Author: Majoki
“Did you feel that?” Gilly asked.
A few steps ahead, Sampson sunk his ice axe into the crusty snow. “No. I didn’t feel anything.”
The couple was at nearly 9,000 feet resting on the edge of the glacier that corkscrewed precipitously to the top of Guth Peak, elevation 10,627. It was mid-morning, the early September sun bright and dangerous.
Gilly frowned, and he smiled serenely back, and she remembered why she was here. That smile. Sampson wasn’t all that memorable as a doctoral physics lab partner, but when he talked about climbing, he glowed like the Milky Way. Like she was staring into immense and mysterious power.
Gilly had wanted to experience that power first hand. Her work at the linear accelerator lab wasn’t enough anymore. It had opened the doors to mind-bending wonders of inflationary cosmology and the hidden realities of bubble universes.
When she had first been wrestling with the concept of cascading realities, Sampson had used the analogy of Edmund Hillary and Tenzing Norgay standing atop Everest. Their potential energy, should it be tipped by a small quake or gust of wind, could send them hurtling five hard miles down. The potential energy released in such a calamitous fall would engender a slew of realities. Inflaton fields such as these existed everywhere waiting for a quantum jitter to form one or more pocket universes.

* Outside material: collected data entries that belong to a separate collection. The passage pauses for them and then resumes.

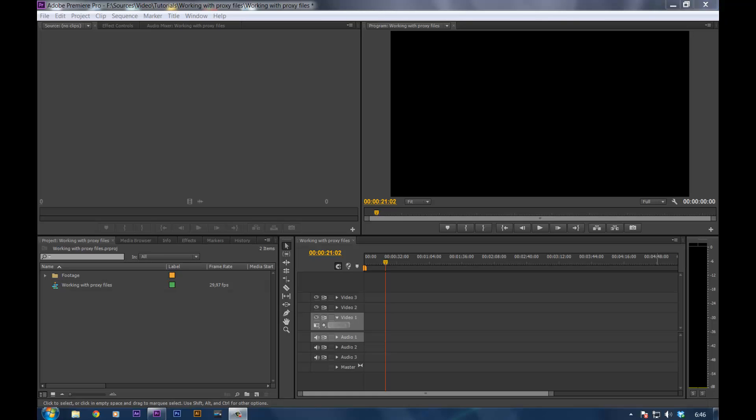First off let's talk a little bit about the sequence settings. Make sure that the sequence settings are the settings you want to export in. Make sure that your sequence settings are the settings that you'll finally use for export.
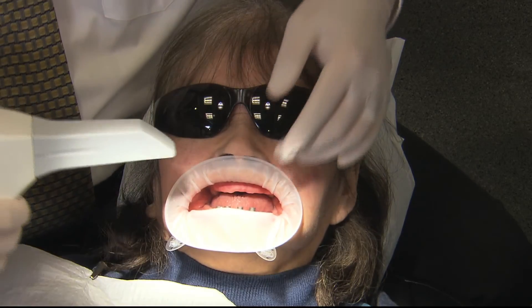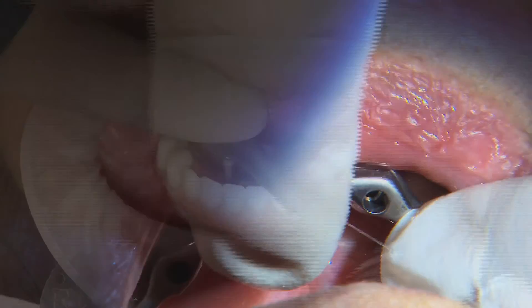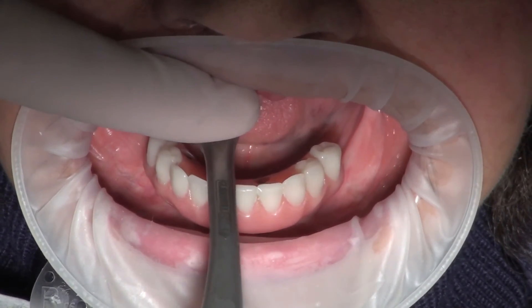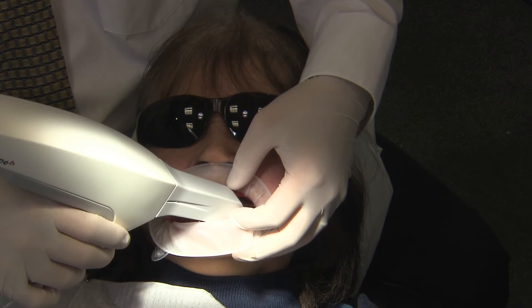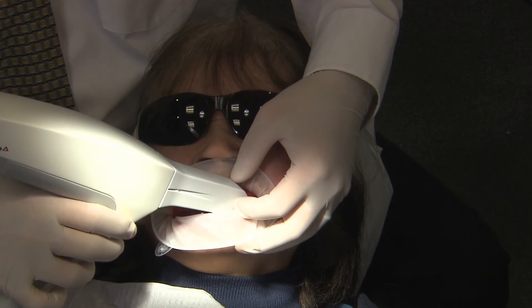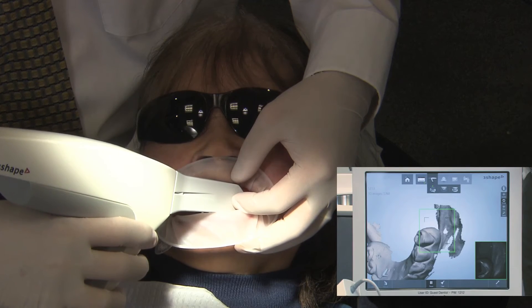Digital impressions were taken with an intraoral scanner at the first appointment. The second appointment was for try-in of the combined denture setup and milled titanium bar. A scan was taken of the provisional in the mouth, taking care to capture adjacent anatomical landmarks.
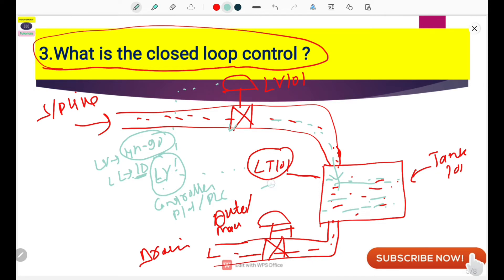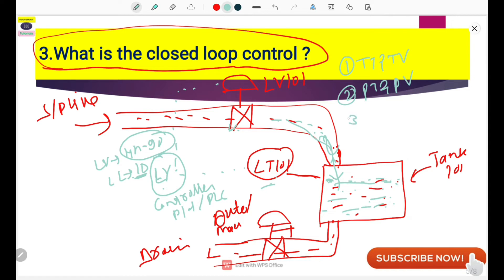This is the meaning of closed loop: your level controller or sensor is in a closed loop with the final control element. In a closed loop, you can measure, control, and regulate your flow through the line or control the level of the tank. Similarly, temperature transmitter and temperature valve, pressure transmitter and pressure valve, and flow transmitter and flow valve can all be in a closed loop. This is the meaning of closed loop control.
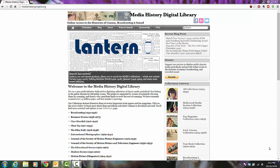Hello everyone, my name is Heather Moorfield-Lang and this is my video series Tech 15. Today I'm going to be talking to you about Media History Digital Library.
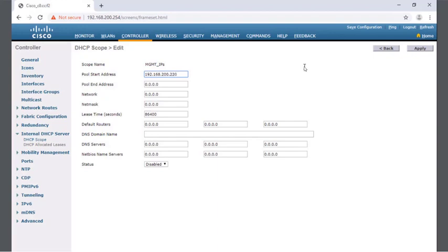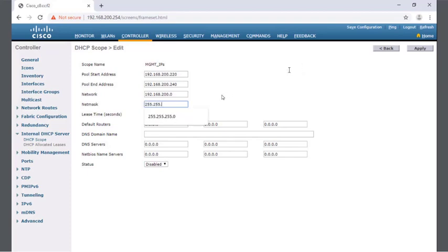This is the first IP address to provide on the management network using this DHCP scope. The last IP address is the pool end address: 192.168.200.240. In all, we'll be providing up to 20 IP addresses using this management scope — enough for up to 20 lightweight access points or a dozen plus some IPs for management purposes. The network itself is 192.168.200.0, with a subnet mask of 255.255.255.0. Lease time stays at the default. The default router is the exit point for the network, which is router R1 at 192.168.200.1.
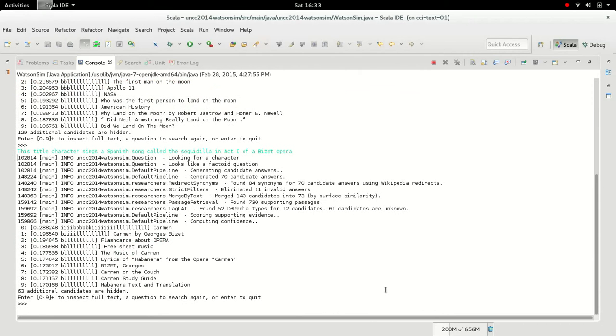Okay, so in this case it guessed Carmen, which was correct. So let's give it another question, probably something you would guess to be easier.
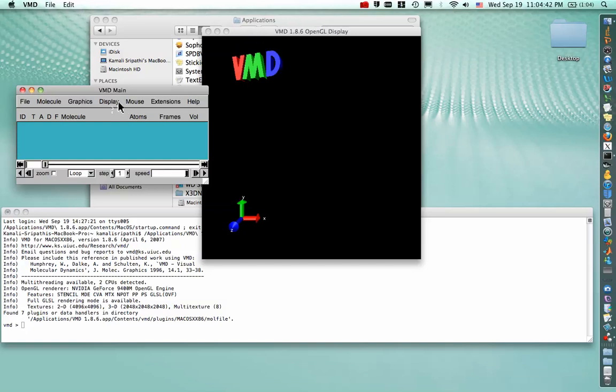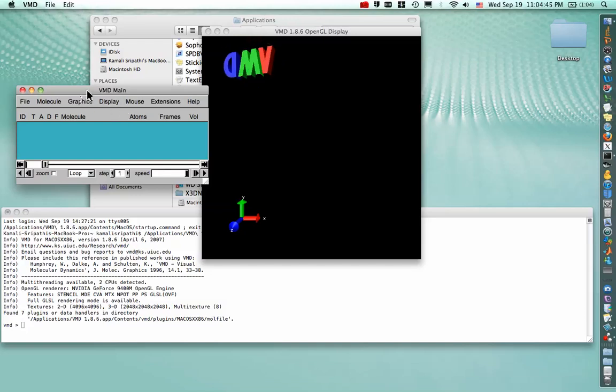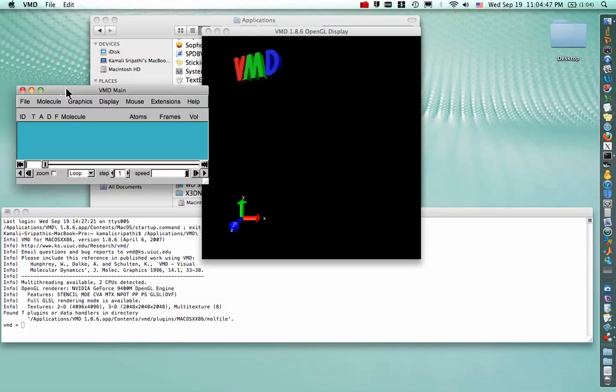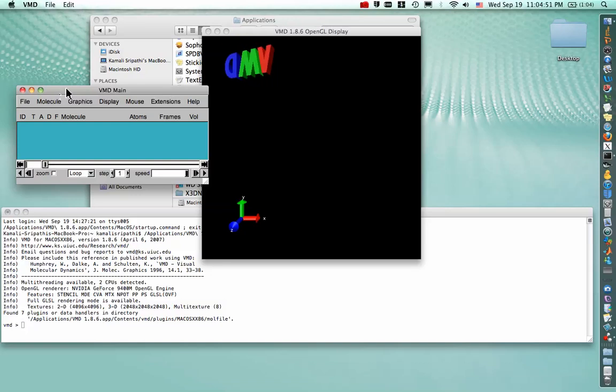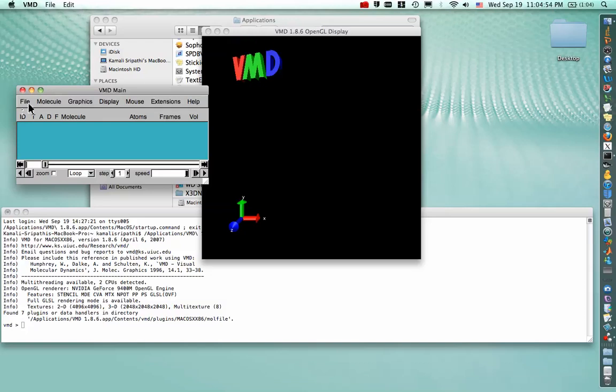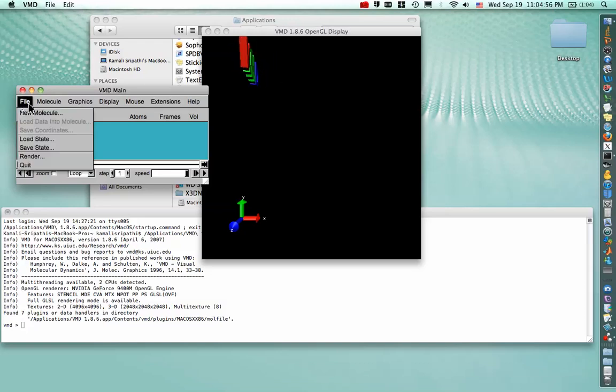Unlike PyMOL, though, VMD doesn't have a direct connection to the PDB, so we'll have to just download our structure or upload our structure into VMD. And we can do that because our structure is already saved on the desktop.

Gilly had wanted to stand atop a mountain and feel that potential energy. And, yet, a dozen times during their ascent this morning she had felt a tremor, a jitter, rushing up her spine and spreading out along her shoulders and arms. Each jolt had left her tingling with trepidation. When she told Sampson about the sensation, he’d merely chalked it up to nerves.
She was sure it was nerves, though there was more. Her vision had begun to waver. As Sampson started to probe the path ahead of them, she began to see two of him. Two Sampsons, poking at the snow with his ice axe. One finding the safe path, the other plunging down the steep mountainside. A strange double vision, a splitting probability wave. Gilly knew she was sliding to the edge of what was real.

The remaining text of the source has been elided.